Intriguing post, and music.
I reviewed a few of the pieces.
Afterwards, I made the mistake of sampling three at the same time, which my laptop had no difficulty playing. The result was fascinating. I'm now wondering what other combinations will reveal. I'm ready to explore.
Great post.


----------



## Shaughnessy (Dec 31, 2020)

SONNET CLV said:


> Intriguing post, and music.
> I reviewed a few of the pieces.
> Afterwards, I made the mistake of sampling three at the same time, which my laptop had no difficulty playing. The result was fascinating. I'm now wondering what other combinations will reveal. I'm ready to explore.
> Great post.


I first became aware of cellist Inbal Segev through hearing her commission of Anna Clyne's "DANCE" a five movement composition written for cello and orchestra. Clyne is an exceptional talent - just superb - one of my favorite contemporary composers - I can effortlessly hear, with crystal-clear clarity, her distinctive "voice" - her unique way of giving expression to the thoughts, emotions, and ideas that's she attempting to convey to the listener through her music and Segev just perfectly captured the intent - the spirit - of the composition and it was as if four disparate elements - musician, instrument, composer, and work - became one harmonically unified entity.
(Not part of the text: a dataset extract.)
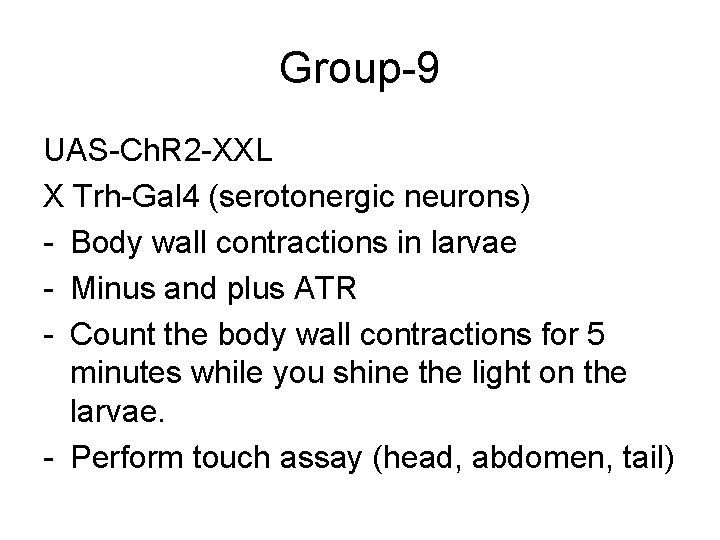 Group-9 UAS-Ch. R 2 -XXL X Trh-Gal 4 (serotonergic neurons) - Body wall contractions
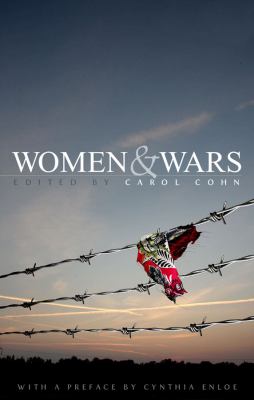 Women and Wars Contested Histories, Uncertain Futures  9780745642444 Front Cover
The compositions within this thread, which were all commissioned by Segev, were, without exception, a genuine revelation to me - Somehow, in some way, they were exactly what I needed to hear when I most needed to hear them thus the creation of this thread in the hopes that someone may someday come across it and discover that they too may have found something - something that they needed to hear when they needed to hear it - discovering something even though they may not have been all that aware of what they were looking for or even that they were indeed searching, but upon hearing the music - the interaction between artist and composer, they may then experience the same sense of revelation that I did.

Enjoy!


----------



## Shaughnessy (Dec 31, 2020)

*MOLLY JOYCE *(b.1992)
*16.* It has not taken long 6.09
_for cello & electronics_ 

"Volume IV of _20 for 2020_ opens with It has not taken long by *Molly Joyce, *‘one of the most versatile, prolific, and intriguing composers working under the vast new-music dome,’ (The Washington Post). Layered cellos and electronics highlight Inbal’s intensely lyrical and melodic playing, and the juxtaposition of new technology with Inbal’s Ruggieri cello built in 1673." 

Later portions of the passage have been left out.